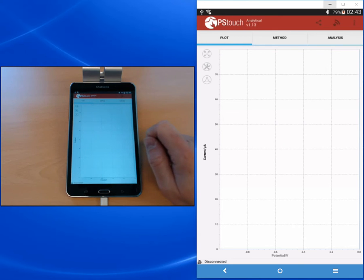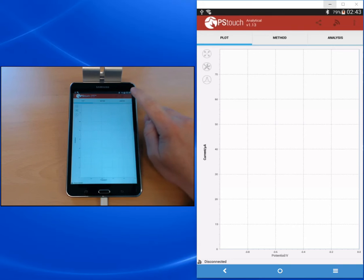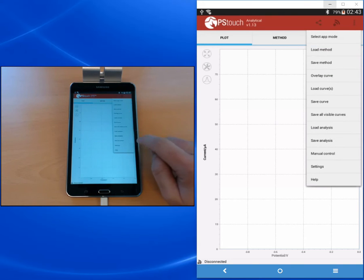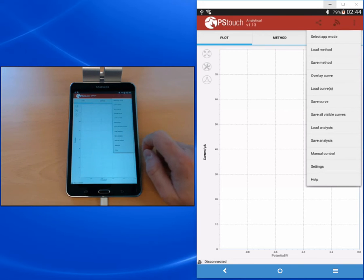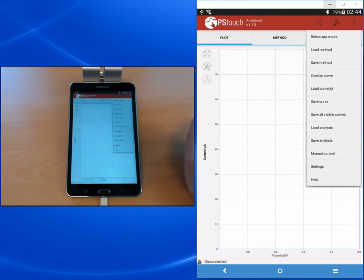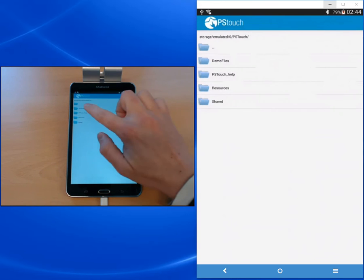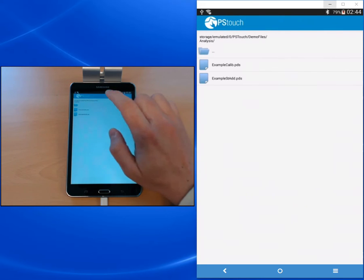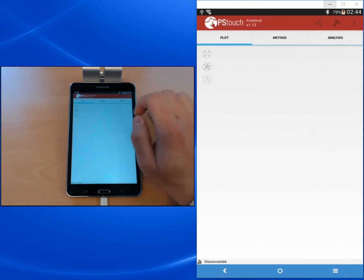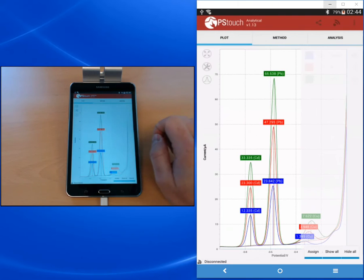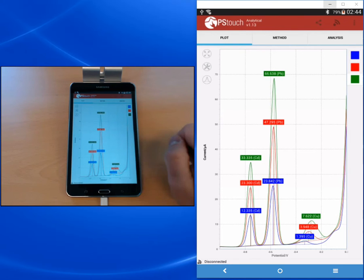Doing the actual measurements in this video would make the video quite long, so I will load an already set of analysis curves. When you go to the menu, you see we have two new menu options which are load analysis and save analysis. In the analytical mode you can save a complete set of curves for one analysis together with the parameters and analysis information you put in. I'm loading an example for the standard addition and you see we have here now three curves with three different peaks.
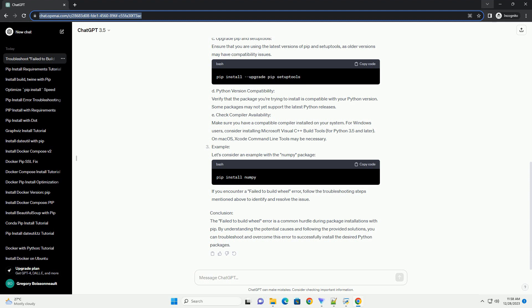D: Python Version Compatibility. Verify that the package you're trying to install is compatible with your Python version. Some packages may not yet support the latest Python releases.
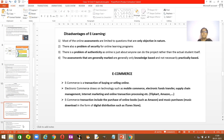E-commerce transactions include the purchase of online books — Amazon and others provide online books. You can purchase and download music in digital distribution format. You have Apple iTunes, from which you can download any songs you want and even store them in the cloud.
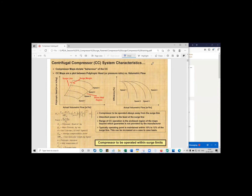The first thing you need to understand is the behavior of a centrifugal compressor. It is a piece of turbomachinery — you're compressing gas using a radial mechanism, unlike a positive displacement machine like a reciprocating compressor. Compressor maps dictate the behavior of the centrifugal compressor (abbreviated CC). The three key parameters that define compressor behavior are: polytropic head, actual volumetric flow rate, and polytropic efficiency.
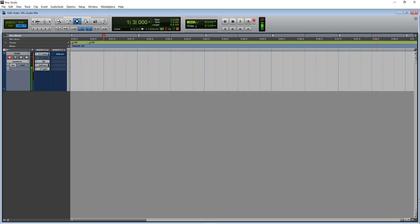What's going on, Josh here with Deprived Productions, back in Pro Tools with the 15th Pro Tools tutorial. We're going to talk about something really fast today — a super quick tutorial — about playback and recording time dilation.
· · · · ·
Exercise goal
Word for word, quote the full listing, omitting every picture.

Response to the task
Doing the actual measurements in this video would make the video quite long, so I will load an already set of analysis curves. When you go to the menu, you see we have two new menu options which are load analysis and save analysis. In the analytical mode you can save a complete set of curves for one analysis together with the parameters and analysis information you put in. I'm loading an example for the standard addition and you see we have here now three curves with three different peaks.
D: Python Version Compatibility. Verify that the package you're trying to install is compatible with your Python version. Some packages may not yet support the latest Python releases.
E-commerce transactions include the purchase of online books — Amazon and others provide online books. You can purchase and download music in digital distribution format. You have Apple iTunes, from which you can download any songs you want and even store them in the cloud.
The first thing you need to understand is the behavior of a centrifugal compressor. It is a piece of turbomachinery — you're compressing gas using a radial mechanism, unlike a positive displacement machine like a reciprocating compressor. Compressor maps dictate the behavior of the centrifugal compressor (abbreviated CC). The three key parameters that define compressor behavior are: polytropic head, actual volumetric flow rate, and polytropic efficiency.
What's going on, Josh here with Deprived Productions, back in Pro Tools with the 15th Pro Tools tutorial. We're going to talk about something really fast today — a super quick tutorial — about playback and recording time dilation.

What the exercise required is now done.